Updated

James Comey was “mildly nauseous” over the notion that his last-minute disclosure of a renewed Hillary Clinton investigation might have affected the election.

And Clinton’s insistence on blaming Comey (and other outside factors) for her loss is making some of her critics nauseous.

Once again, ladies and gentlemen, we are relitigating the 2016 election.

When the FBI director testified before the Senate Judiciary Committee yesterday, he seemed like a man with months of pent-up frustration over the beating he has been taking. The words came tumbling out.

Having declined to prosecute Clinton over her private emails last summer, Comey said his choice last October was between “really bad and catastrophic” options, once the bureau learned that many Hillary emails were on the computer of Huma Abedin’s husband, the notorious Anthony Weiner.

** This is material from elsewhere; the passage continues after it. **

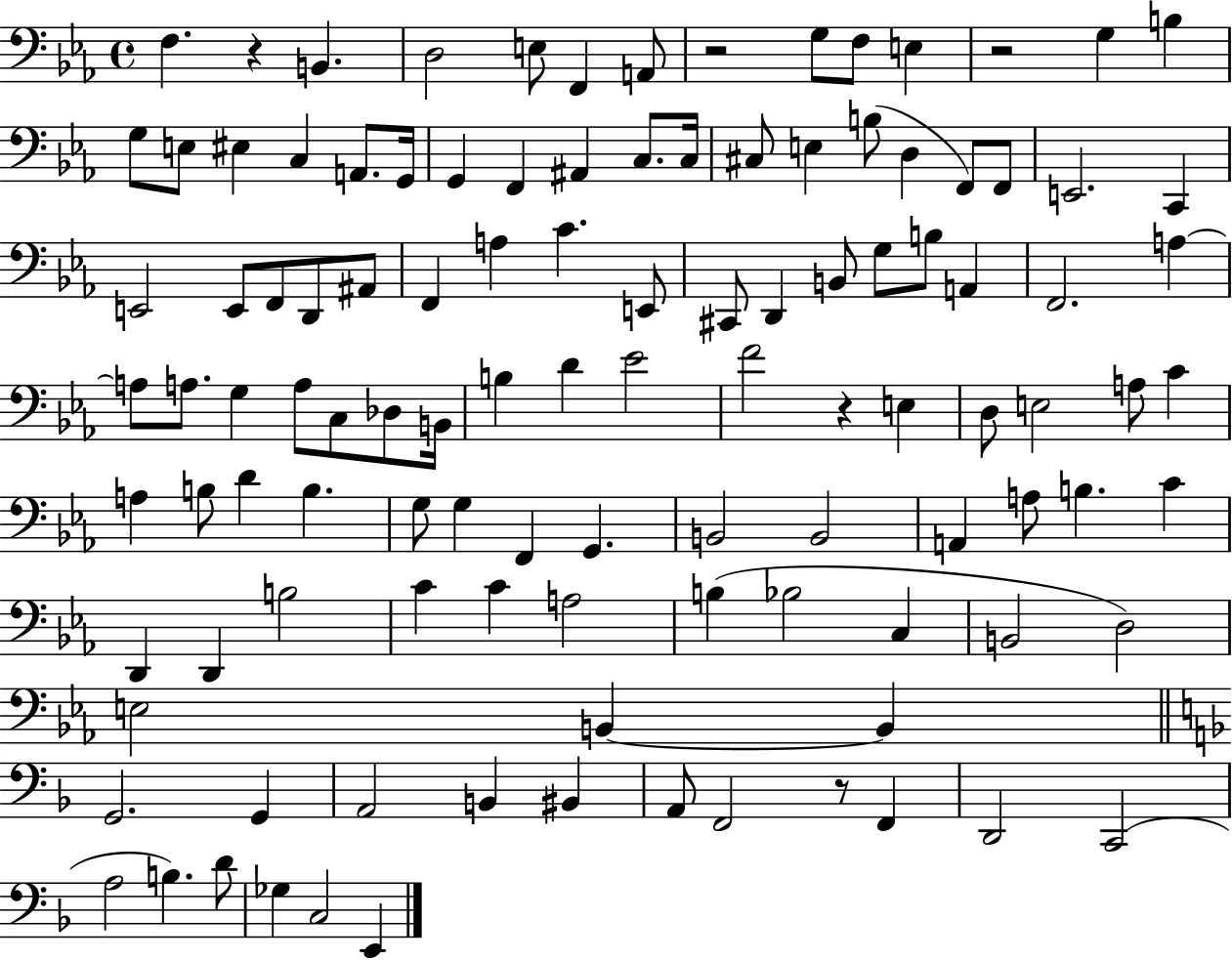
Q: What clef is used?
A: bass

Comey said he felt a duty to notify the Hill or else he would have committed an “act of concealment.” The probe, of course, went nowhere.

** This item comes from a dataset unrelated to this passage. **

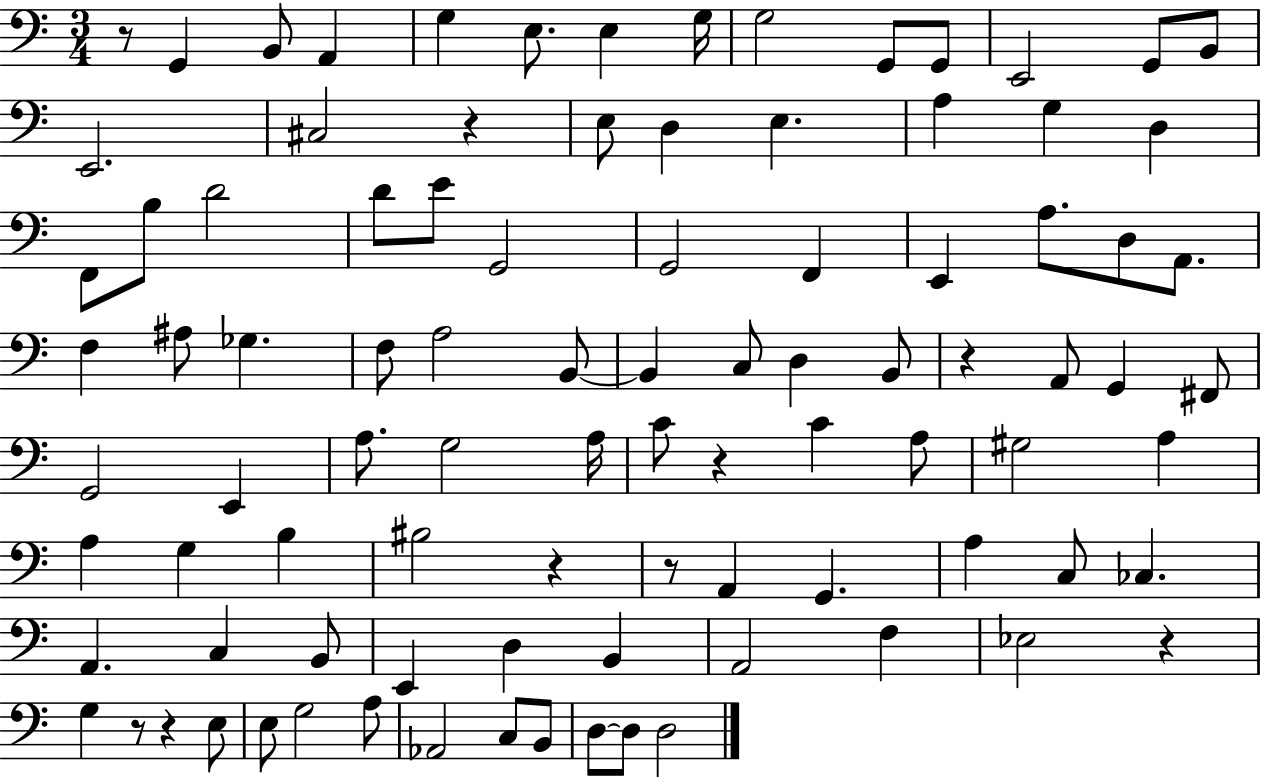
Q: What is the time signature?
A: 3/4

“Lordy, has this been painful. I’ve gotten all kinds of rocks thrown at me and this has been really hard, but I think I’ve done the right thing at each turn.’’ (Comey said he won’t say another “peep” about the investigation of contacts between Trump campaign aides and Russia because it’s still ongoing.)

Clinton, interviewed by CNN’s Christiane Amanpour at the Women for Women forum, admitted she didn’t run a “perfect campaign.” But she could not conjure up a single example of anything she had done wrong.

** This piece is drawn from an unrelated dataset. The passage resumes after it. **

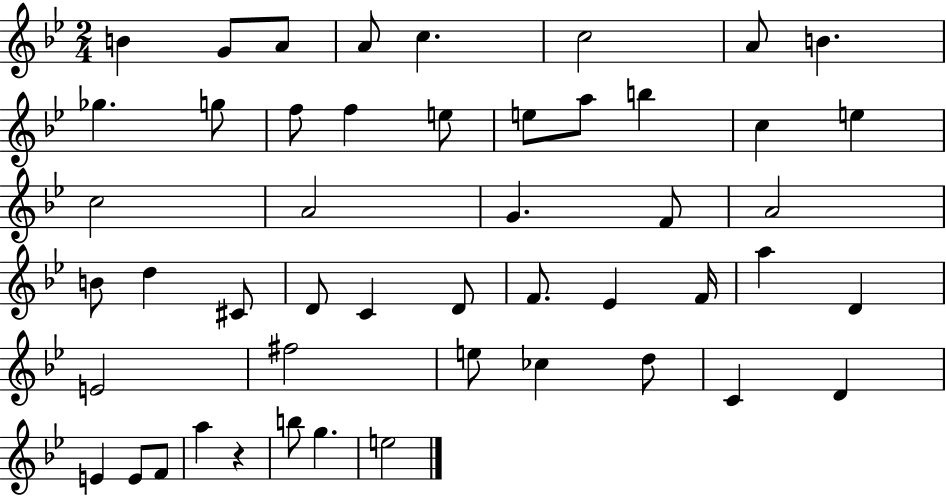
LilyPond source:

Instead: “I was on the way to winning until the combination of Jim Comey’s letter on October 28th and Russian Wikileaks raised doubts in the minds of people who were inclined to vote for me but got scared off.”

The evidence for that was “compelling” and “persuasive,” Hillary said, and she endorsed the view of data guru Nate Silver that “if the election had been on October 27th, I’d be your president.”

Clinton also said that misogyny played a role.

And there was this hardball question from Amanpour: “What do you imagine your election as the first female president of the United States might have said to the world and to the women of the world who were looking for validation, for somebody to shatter that highest and hardest ceiling?” Clinton said “it would have been a really big deal.” Uh huh.

In a close race, every factor can be said to have made the difference. Comey's brief re-investigation of the Clinton email mess clearly hurt her by shifting the media focus back to her ethical fitness.

But it was her lack of a core economic message--or any inspiring message other than that she wasn't Trump--that ultimately sunk her.

Remember that the Democrats thought they would easily trounce Trump. But he had something to say to white working-class voters and she didn’t. Her decision to campaign barely or not at all in Michigan and Wisconsin was why she flunked the Electoral College.

President Trump weighed in (of course) on Twitter, faulting Comey’s original decision not to bring charges:

“FBI Director Comey was the best thing that ever happened to Hillary Clinton in that he gave her a free pass for many bad deeds!” And: “Perhaps Trump just ran a great campaign?”

Why does Clinton’s loss still stir such intense debate? Perhaps it’s because these arguments about Comey, Russia and Wikileaks keep reverberating throughout the Trump presidency—in a way that’s making me slightly queasy.